Exercise aim -
Exact copy, no pictures: return only the lines below from the line with "50#, Pkg. 100" up to and including the line with "Plexiglass parallélogramme transparent".

Extracted data -
━━━━━━━━━━━━━━━━━━━━━━━━━━━━━━

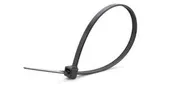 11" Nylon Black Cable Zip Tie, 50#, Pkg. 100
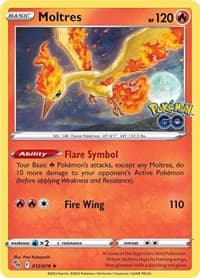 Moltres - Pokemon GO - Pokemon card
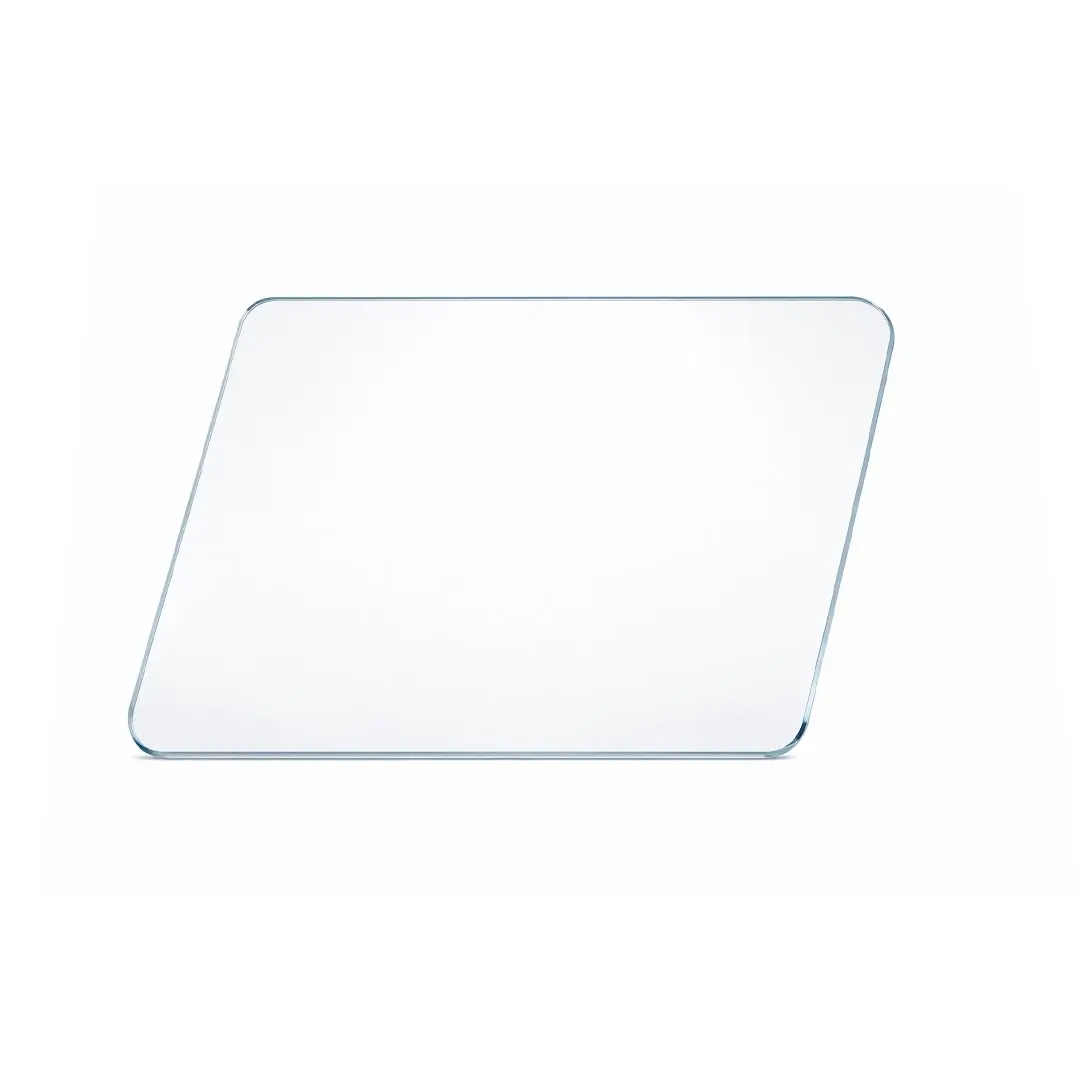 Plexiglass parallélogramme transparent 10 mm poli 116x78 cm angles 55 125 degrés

━━━━━━━━━━━━━━━━━━━━━━━━━━━━━━

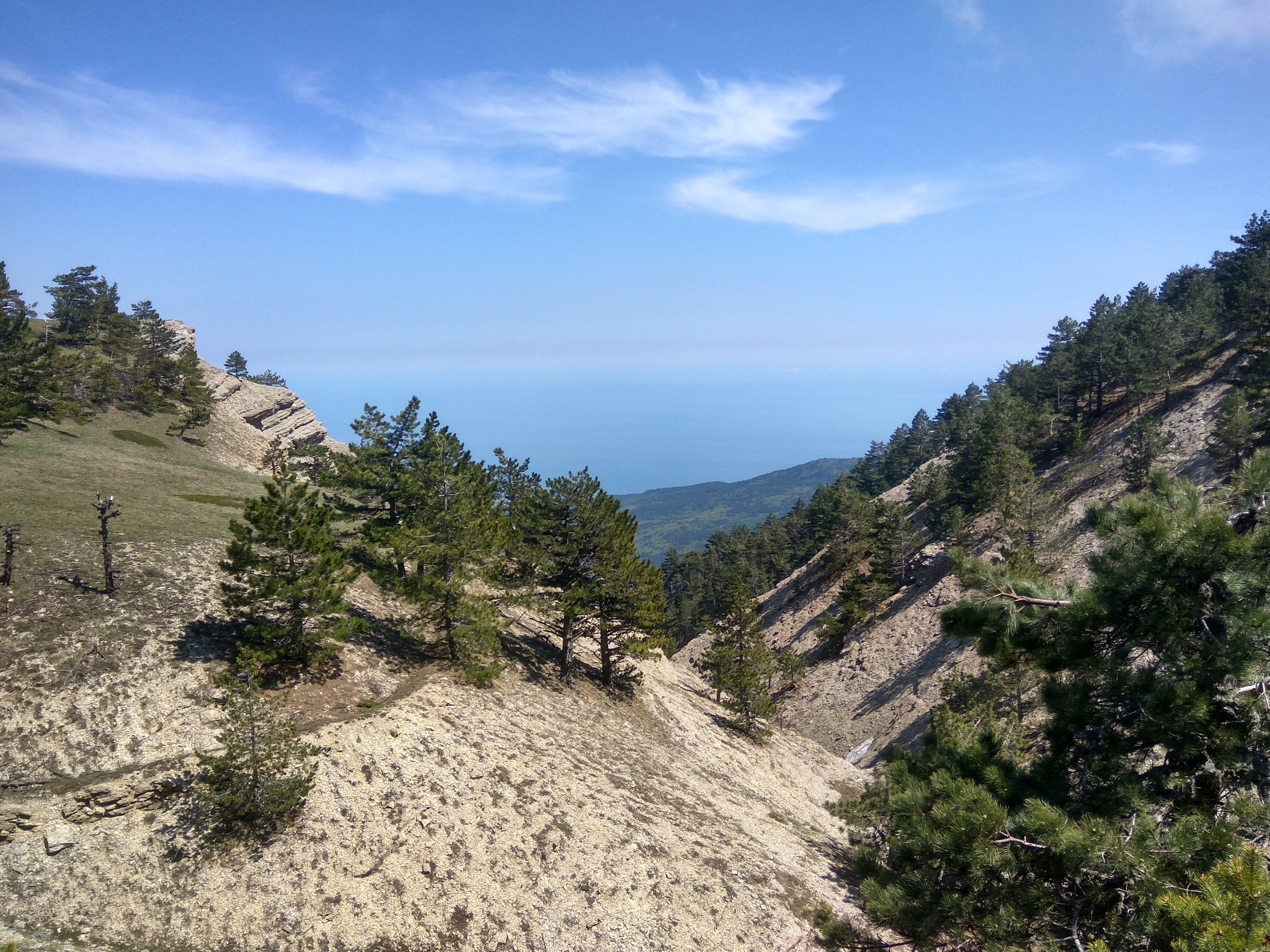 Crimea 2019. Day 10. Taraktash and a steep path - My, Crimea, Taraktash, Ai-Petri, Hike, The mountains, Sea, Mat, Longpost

━━━━━━━━━━━━━━━━━━━━━━━━━━━━━━

Answer to this problem -
 11" Nylon Black Cable Zip Tie, 50#, Pkg. 100
 Moltres - Pokemon GO - Pokemon card
 Plexiglass parallélogramme transparent 10 mm poli 116x78 cm angles 55 125 degrés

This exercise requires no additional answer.